** THE INPUT **
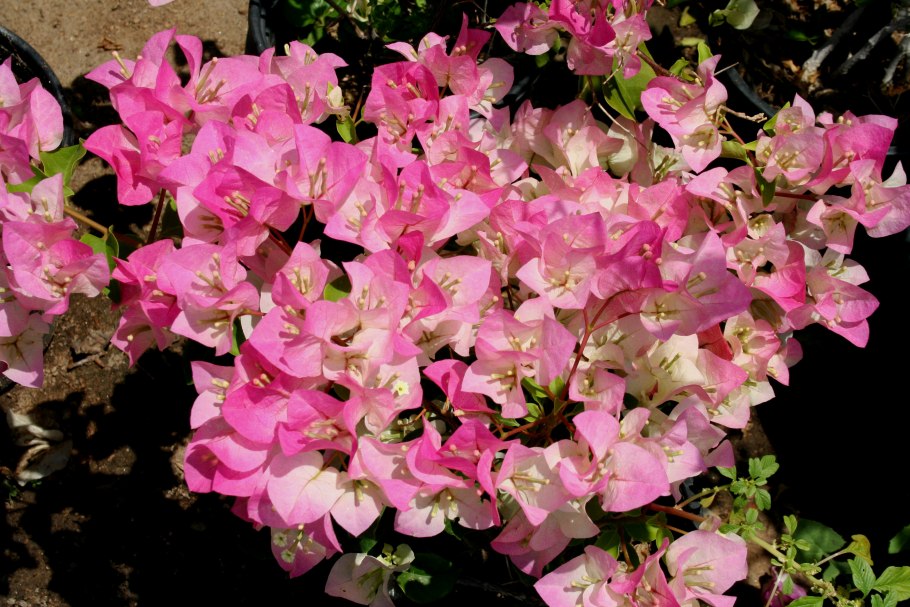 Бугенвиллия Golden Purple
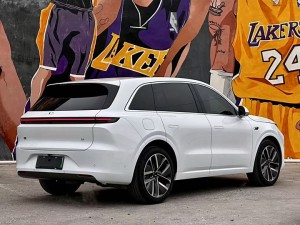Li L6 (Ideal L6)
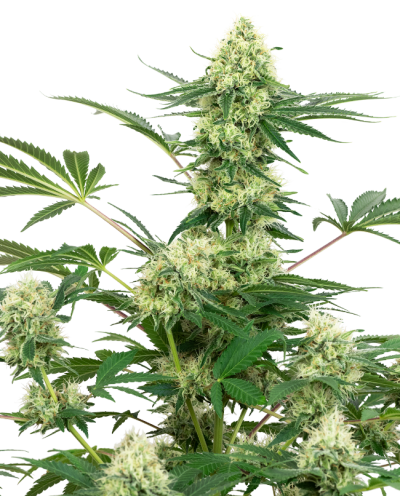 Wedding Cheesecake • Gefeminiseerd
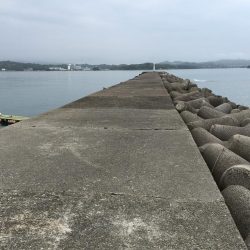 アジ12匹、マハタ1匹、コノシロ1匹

==

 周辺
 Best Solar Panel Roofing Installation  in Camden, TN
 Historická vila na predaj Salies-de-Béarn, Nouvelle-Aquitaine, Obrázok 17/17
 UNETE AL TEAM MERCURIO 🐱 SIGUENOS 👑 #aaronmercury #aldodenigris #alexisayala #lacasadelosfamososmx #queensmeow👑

** ASSIGNMENT **
The required output is every line above from the one with "Best Solar Panel" down to the one with "UNETE AL TEAM", restated word for word, ends included.

** WRITTEN RESPONSE **
 Best Solar Panel Roofing Installation  in Camden, TN
 Historická vila na predaj Salies-de-Béarn, Nouvelle-Aquitaine, Obrázok 17/17
 UNETE AL TEAM MERCURIO 🐱 SIGUENOS 👑 #aaronmercury #aldodenigris #alexisayala #lacasadelosfamososmx #queensmeow👑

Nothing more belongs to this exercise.